Он зашагал по направлению, в какую его подтолкнули и вскоре они оказались у какого-то здания, поскольку тот же человек дёрнул, заставив остановиться: – куда разбежался?
– Так сами толкаете: иди, пошёл, тут же остановись, – решил разжалобить супостатов Апраксин.
– Говорят иди, надо идти, скажут: стоять, значит, стой и не шевелись, – нравоучительно проворчал тот же голос. Другой по всей видимости открывал дверь. Наконец его ввели в какое-то помещение с невысоким потолком, Александр макушкой доставал до потолка. Кто-то, взявшись за концы повязки, наконец развязал её и снял.
В помещении с маленьким окошком царил полумрак. Солнечный свет едва пробивался сквозь некую плёнку, коим затянули оконный проём. Прямо перед ним высился стол, грубо сколоченный из не струганных досок, на пне, приспособленном вместо стула, сидел крупный мужик с всклокоченной бородой, рядом с двух сторон парубки, как он и предполагал.
– Ну, барин, куда собрался?
– А не всё ли равно тебе?
– Да мне-то всё одно, а тебе отвечать доведётся.
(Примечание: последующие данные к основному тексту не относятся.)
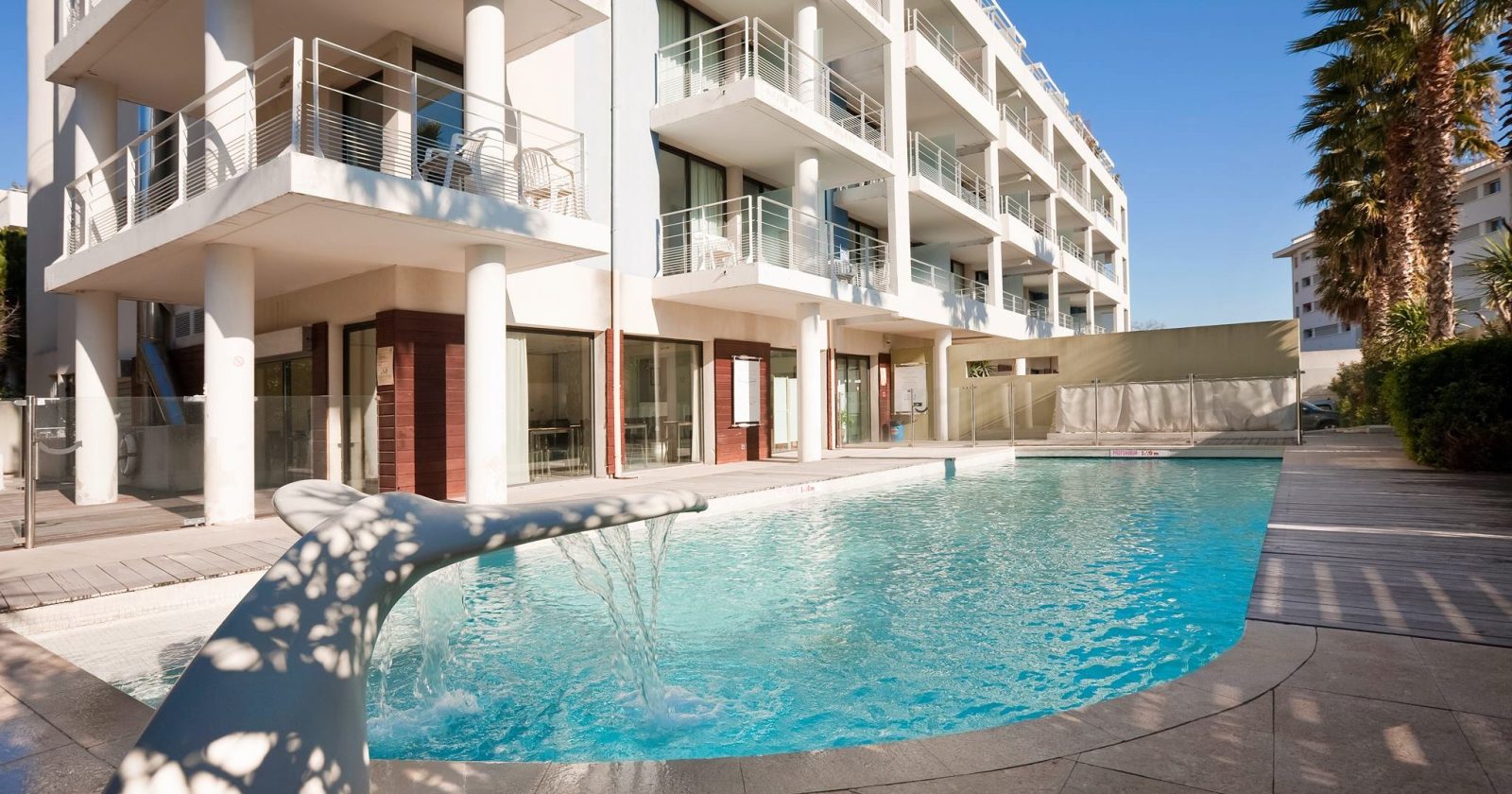T2 disponible à Marseille dans Zenitude Marseille Prado Plage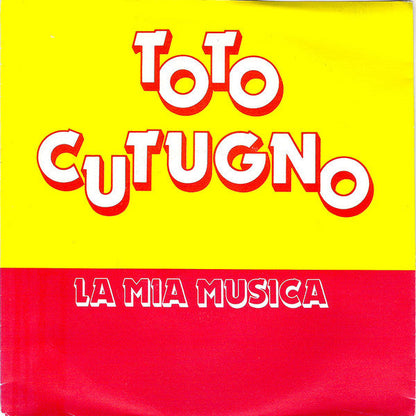 Toto Cutugno – La Mia Musica 25503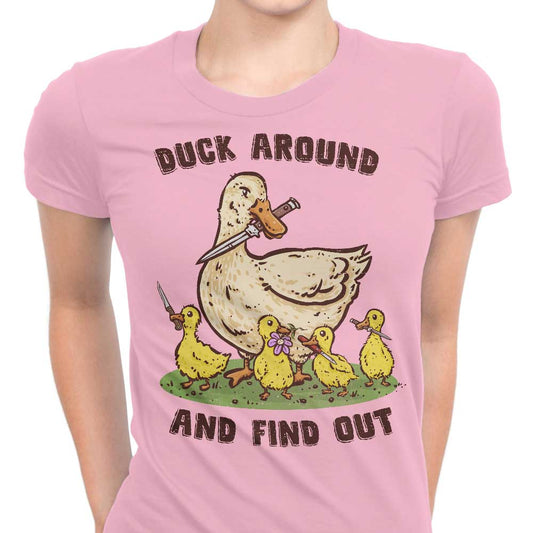 Duck Around - Women's Apparel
– А кто ты такой, чтобы перед тобой ответ-то держать?
– Я, говоришь, кто такой? Объясни ему, кто я такой, – предложил он парубку, что был рядом.
Апраксин хоть и не ожидал этого, но удар, нанесённый в район солнечного сплетения, всё-таки выдержал.
– Неплохо, неплохо, – главарь разбойников недовольным остался нанесённым Александру ударом, но и виду не подал. – Денёк другой посидишь в темнице, одумаешься. Закиньте в землянку, что давеча освободился, – приказал главарь своим приближённым.
Закуток куда его спровадили небольших размеров, без единого окошка, и не разберёшь сразу: день на улице или ночь наступила. На пол брошен лапник еловый, только давний: прелостью несёт.
Скинув армяк, что подал ему сопровождавший парнишка, Александр прилёг и призадумался. Сбежать за здорово живёшь от этих нелюдей едва ли удастся, а вот подговорить вполне возможно. Через какое-то время его сморил сон. Снился всякий бред: то он откуда-то бежал, его догоняли, то Зиневич явился во сне, о котором он уже успел давно позабыть и что-то твердил ему, убеждал в чём-то.